Is Java a good choice to develop new apps? Or is it a dead-walking language? - Andrew-Dufresne
http://www.reddit.com/r/programming/comments/dv9ag/with_javas_increasing_complexity_jcps_slow/

======
kls
The first comment on reddit talks about the fact that it is not a good choice
for a desktop app. I agree, if you want a cross platform desktop app, Adobe
AIR or one of the other is a far better choice.

If you are doing web that works in conjunction with a larger set of systems,
it still has a good deal of advantages . Primo Facto being the availability of
off the shelf libraries and integrations with other technologies.

As for JSP, JSF, Struts, tag-libs, tiles, velocity and all of the other Java
web technologies, my personal opinion is they are the worst of the worst. I
would say working in PHP is preferable to having to work in them and I do not
like PHP at all. For me, I stopped using server side languages all together
and write my UI with HTML / CSS / JavaScript. This gives me the ability to
plug into any back end technology and allows me to keep the UI agnostic of any
non-web technology (e.g. JSP, ASP, PHP).

In the way that we build web apps, Java works well, we use JAX-RS to expose
REST services. and then use Java to integrate all of the back end pieces
together. As a language it does leave a deal to be desired but I don't think
that those lackings are a killer for it.
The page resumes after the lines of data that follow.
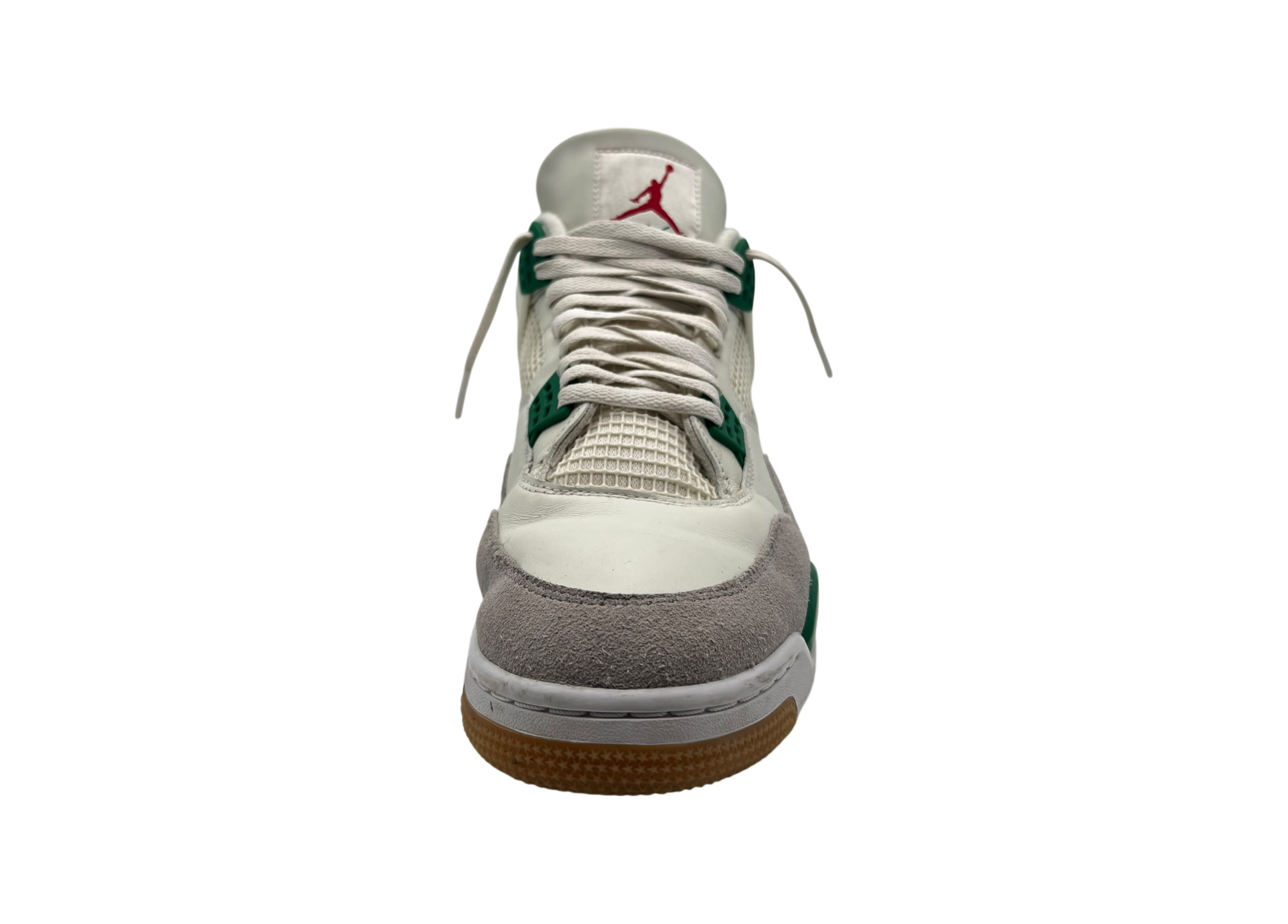Jordan 4 SB Pine Green COND 8.5/10 (NO BOX NO INSOLES)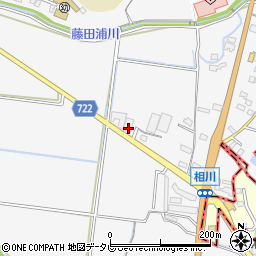 福岡県久留米市荒木町荒木2367周辺の地図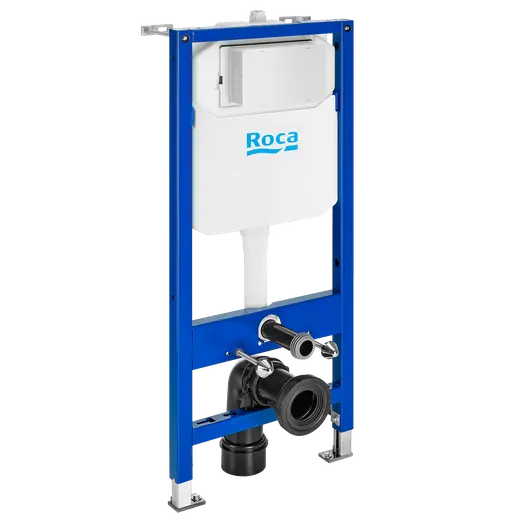 Laufen Roca Duplo   Indbygningscisterne 112   Frontbetjent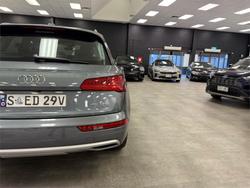 2020 Audi Q5 45 TFSI sport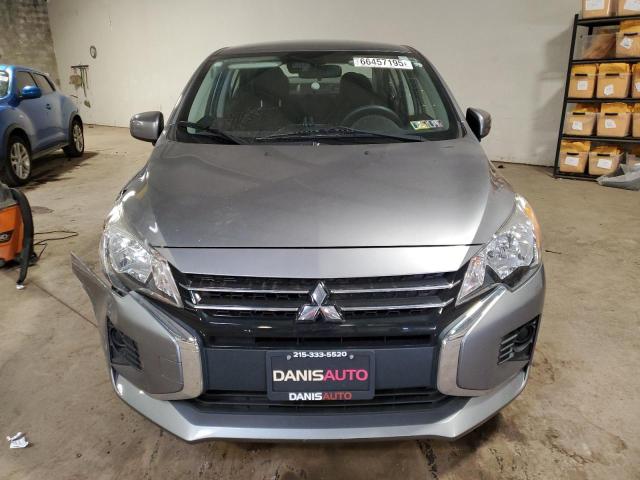 ML32FUFJ2MHF06800 - 2021 MITSUBISHI MIRAGE G4 ES GRAY photo 5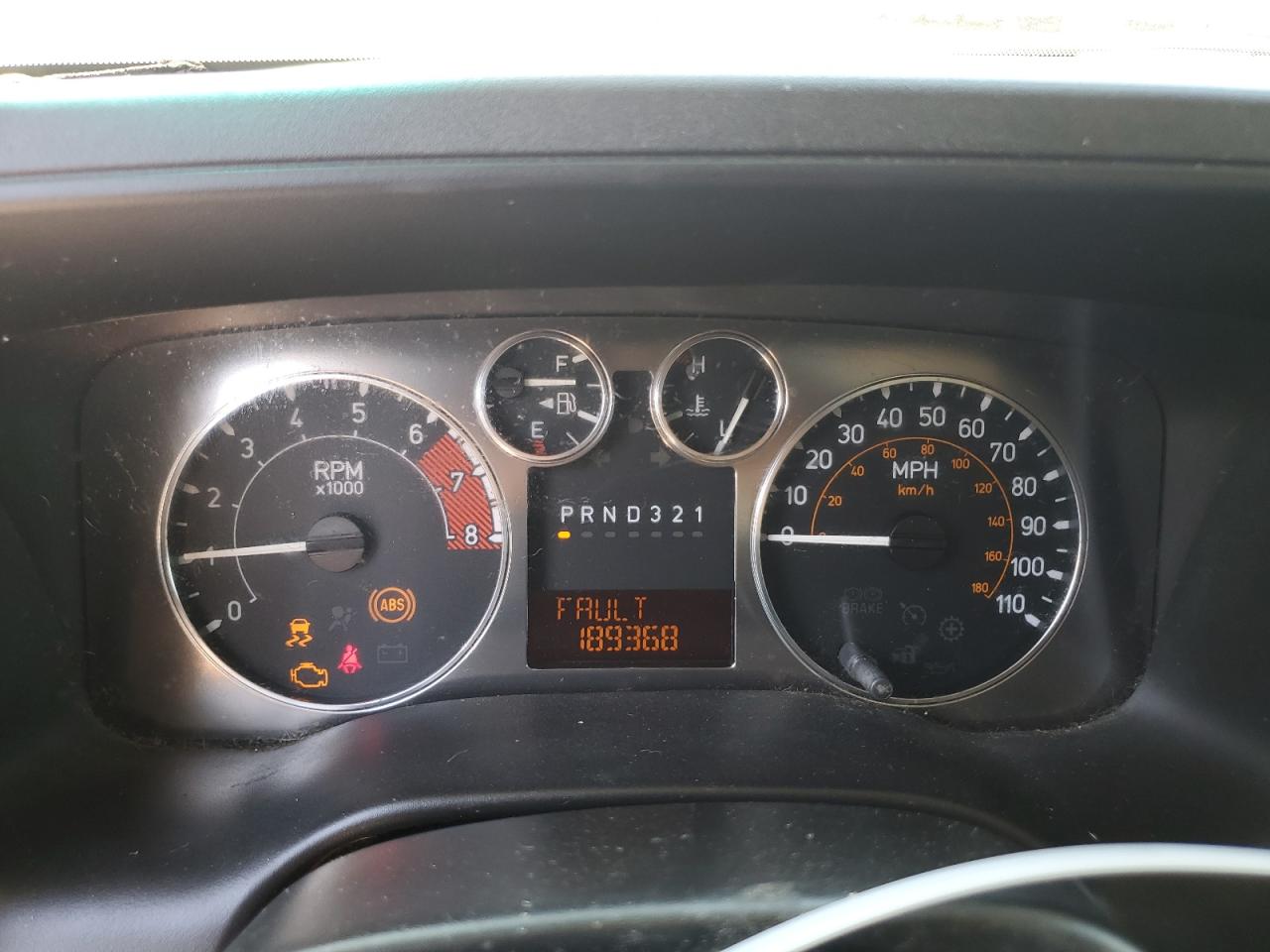 5GTDN13E578110613 2007 Hummer H3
I think the Java web stack was a
killer and pushed a lot of people to PHP, as it was so intrusive as to be
almost abusive to the designer. It favors the developer over the designer and
it is evident in it's design.

The old web frameworks chose the designer or the developer this is evident in
the various takes on how to do the web on the server. One only needs to look
at the contrast between PHP and Java Web to see the evidence. You can see
which one each favors pretty quickly.

The thing I like about the way we do things now, is we exploit the advantages
of Javascript and it's rapid development capabilities that better suit a UX
designer on the front end. As well as exploit the rigor that the back end
developer needs with Java and transactions, guaranteed rollback, dead
recipient and all of the other standards that guarantee that something does
not fall through the crack.

Anyway, I don't see Java as dead I just think it will play a more out of sight
role in the future but I think the same can be said for a lot of server side
technologies. JavaScript web apps are growing by leaps and bounds, it has its
detractors but most that actually try it, see the advantages pretty quickly
and convert, it takes far less time to deliver and provides a superior result.
It is the way that the industry is heading. I think that is a far more
important decision than whether or not you use Java as your back end.